* _DESCRIPTION OF THE TASK_
Leave out the pictures and set down the rest of the listing below word for word.

----------

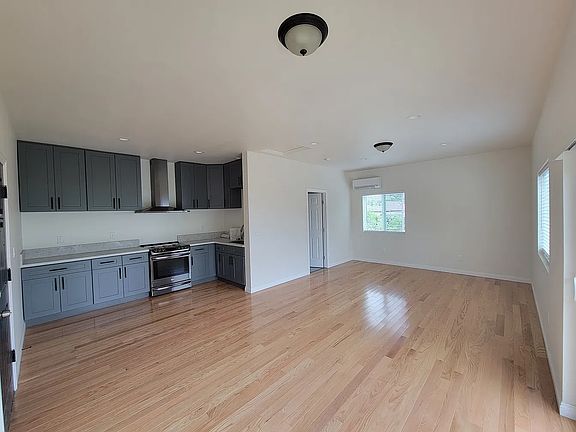 3rd image of 1181 Langley Way Unit A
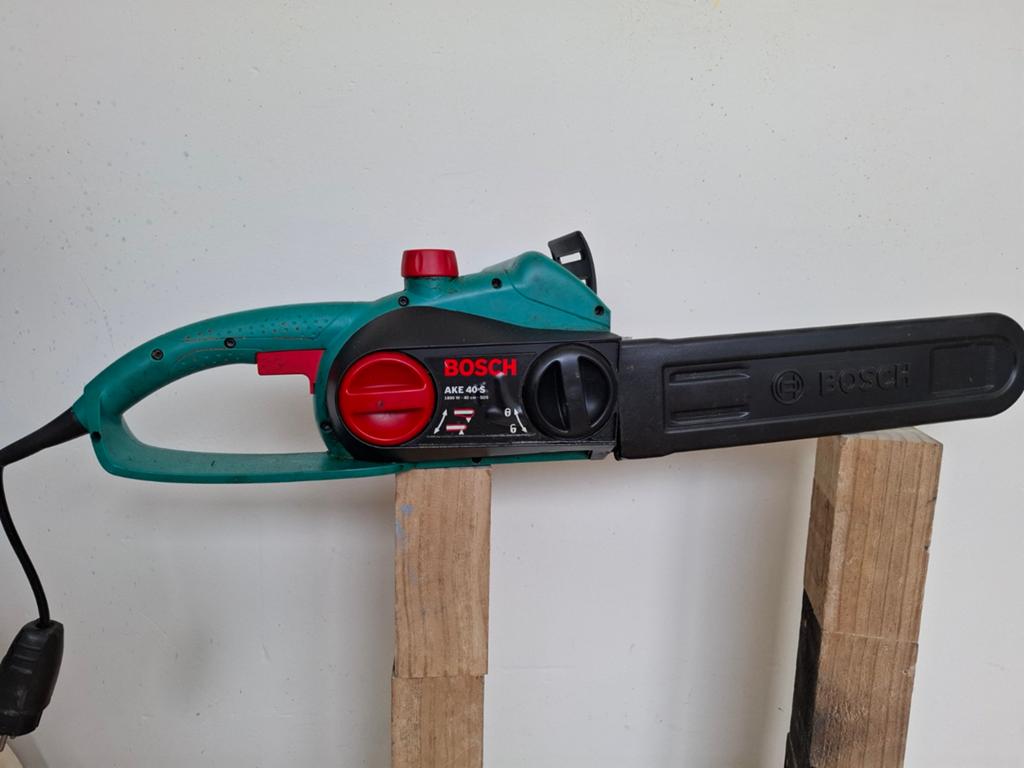 Bosch AKE 40 S elektrische kettingzaag 1800W, Ophalen, Gebruikt, 70 mm of meer, Kettingzaag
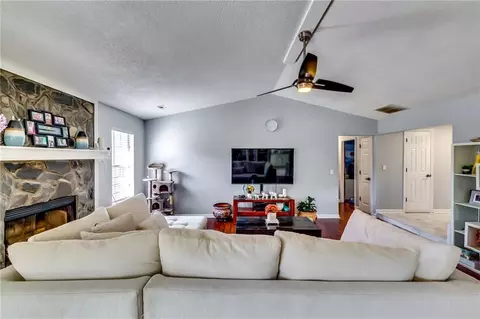 2582 Rosecommons Dr, Hampton, GA 30228 photo 3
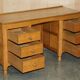 Bureau trépied vintage 1970 de Robert Mouseman Thompson avec plateau adazé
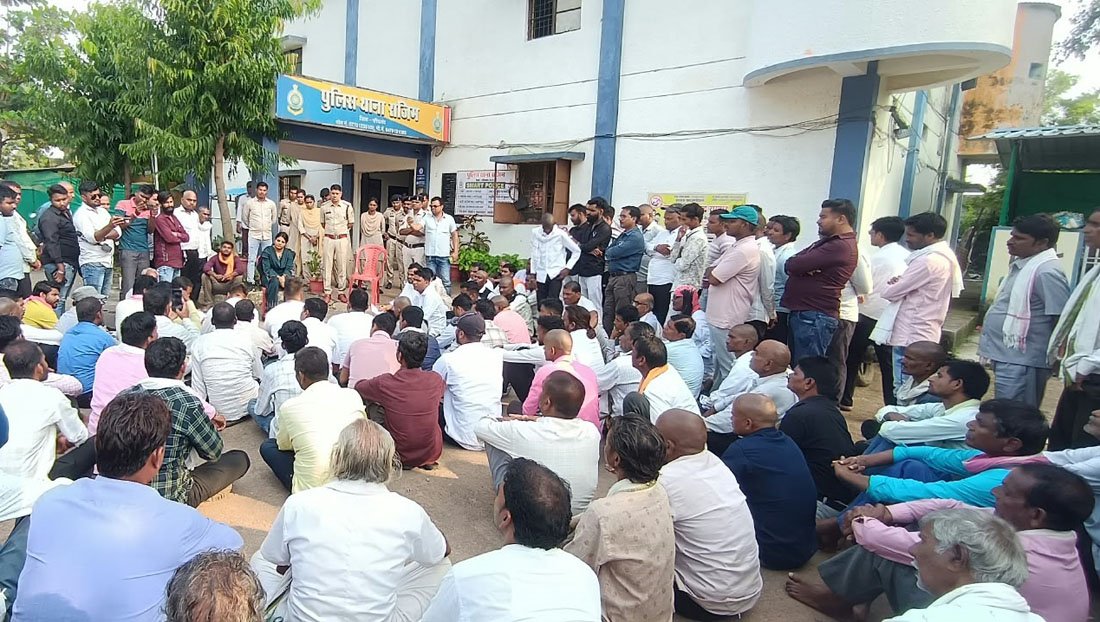 राजिम थाना घेराव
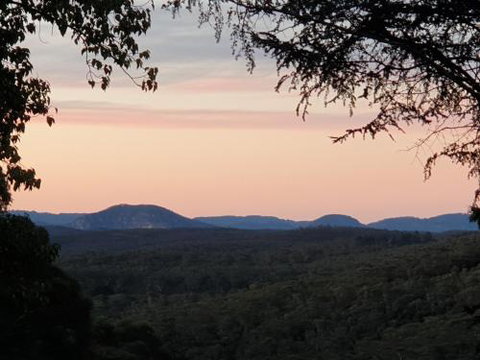 NEW Winston Cottage Leura Views & Location - Darwin Tourism 0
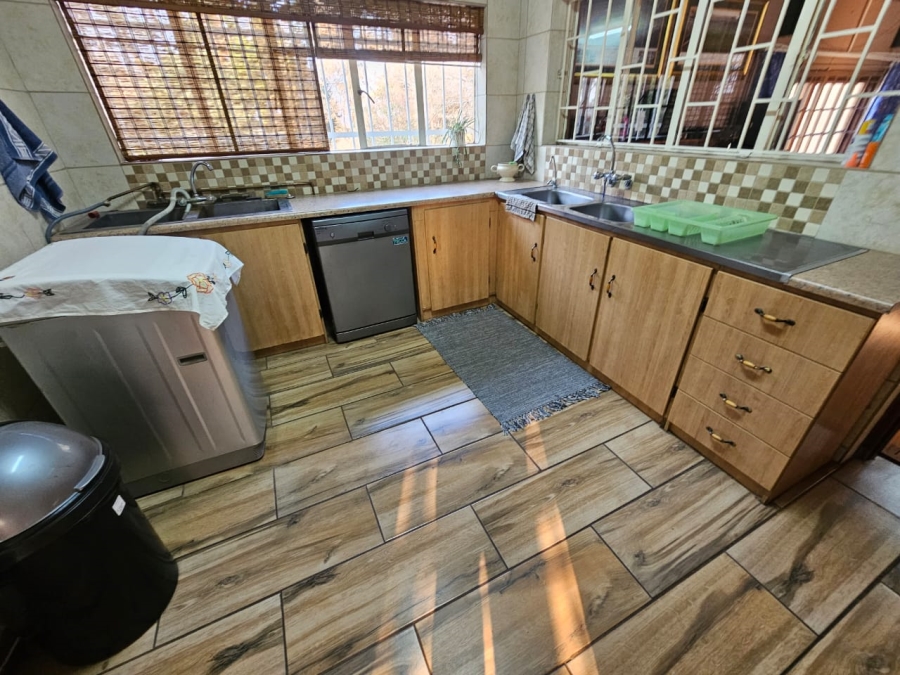 5 Bedroom Property for Sale in Miravaal Gauteng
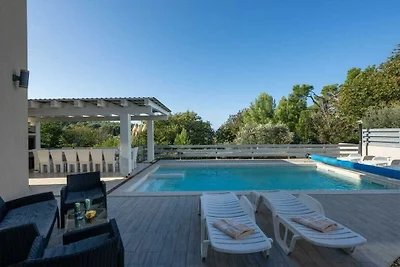 Villa in Premantura met zwembad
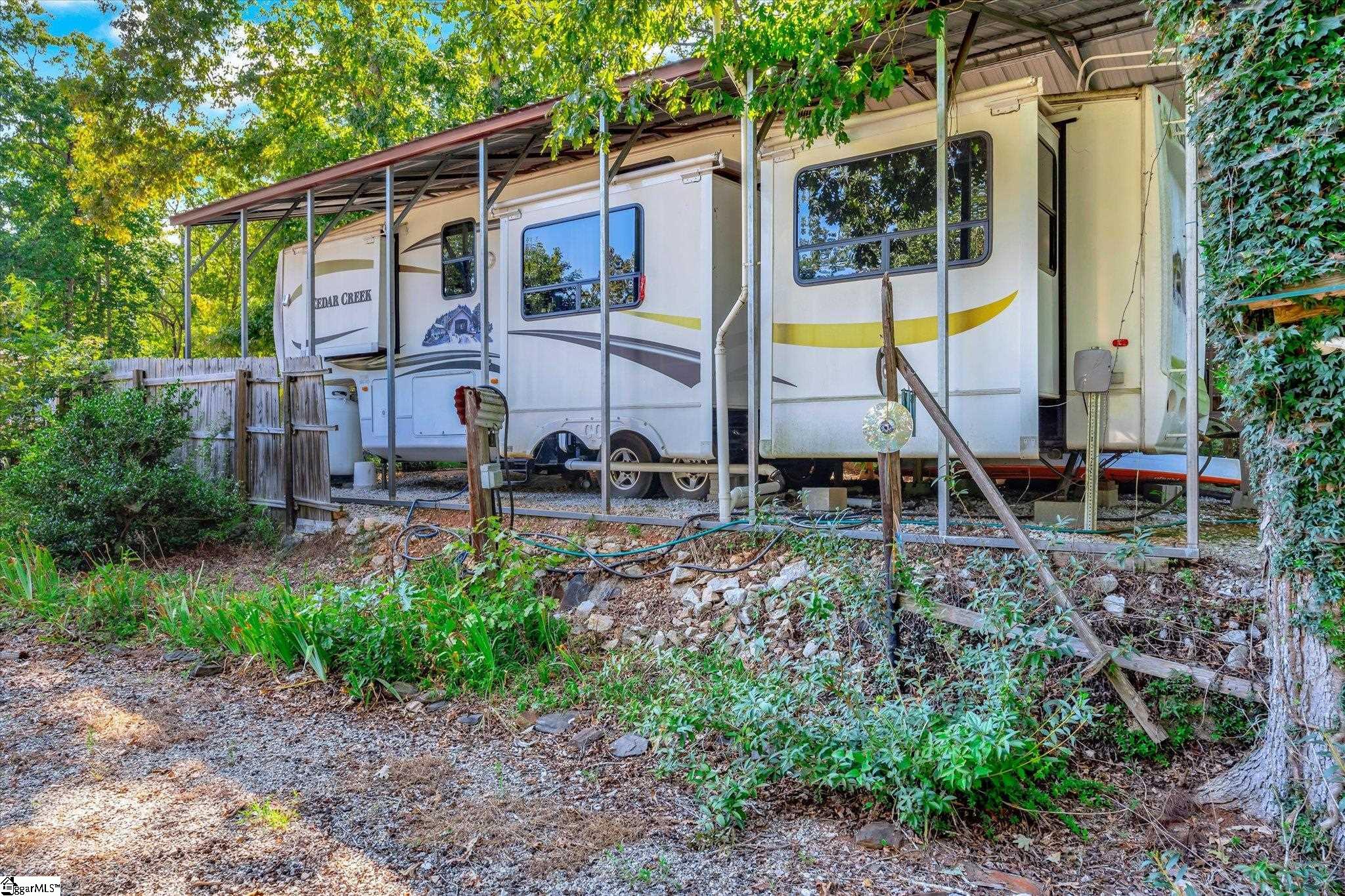 522 Loop Circle Westminster, SC 29693-5644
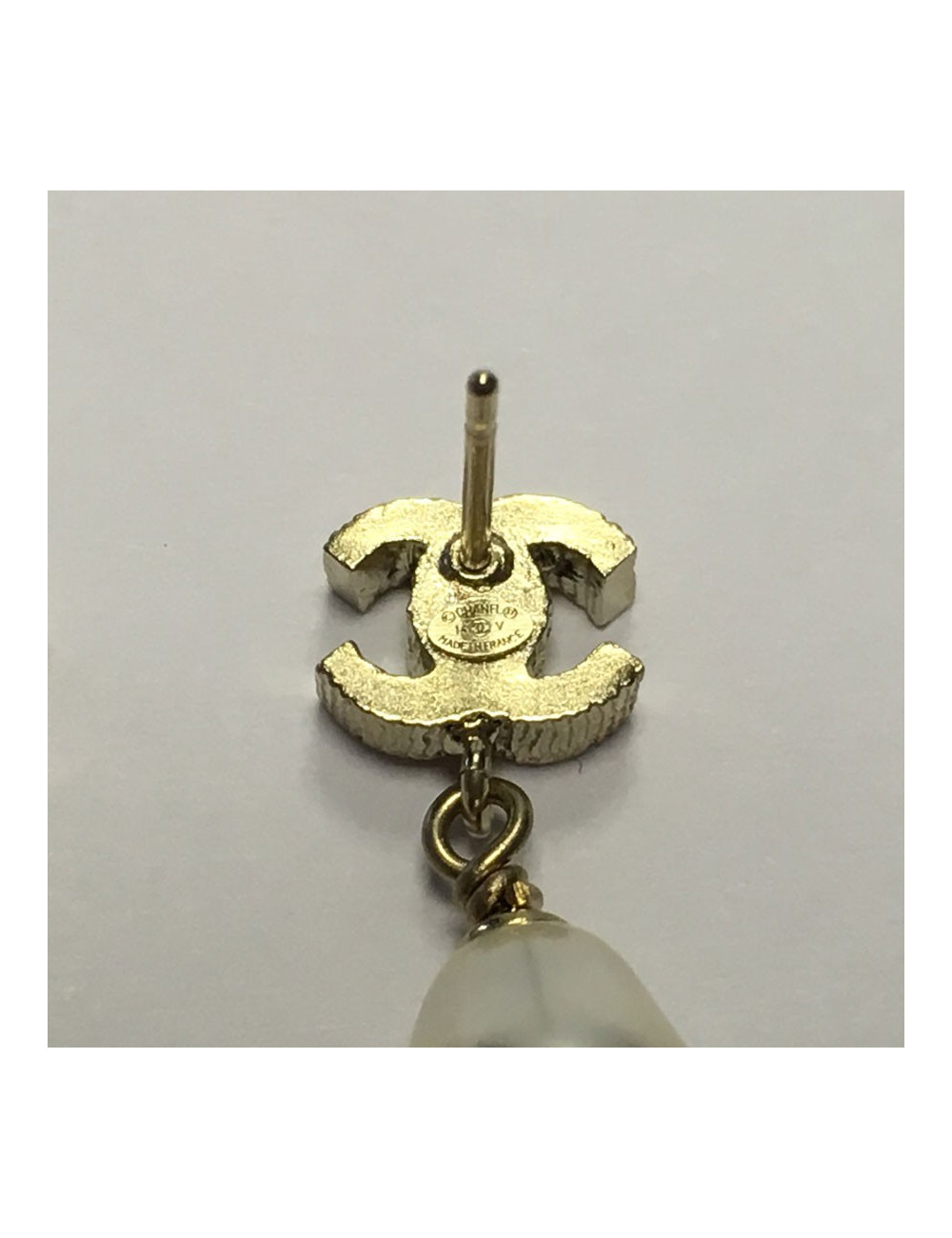 Clous d'oreille CHANEL perle ovale nacrée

----------

* _TASK OUTPUT_
 3rd image of 1181 Langley Way Unit A
 Bosch AKE 40 S elektrische kettingzaag 1800W, Ophalen, Gebruikt, 70 mm of meer, Kettingzaag
 2582 Rosecommons Dr, Hampton, GA 30228 photo 3
 Bureau trépied vintage 1970 de Robert Mouseman Thompson avec plateau adazé
 राजिम थाना घेराव
 NEW Winston Cottage Leura Views & Location - Darwin Tourism 0
 5 Bedroom Property for Sale in Miravaal Gauteng
 Villa in Premantura met zwembad
 522 Loop Circle Westminster, SC 29693-5644
 Clous d'oreille CHANEL perle ovale nacrée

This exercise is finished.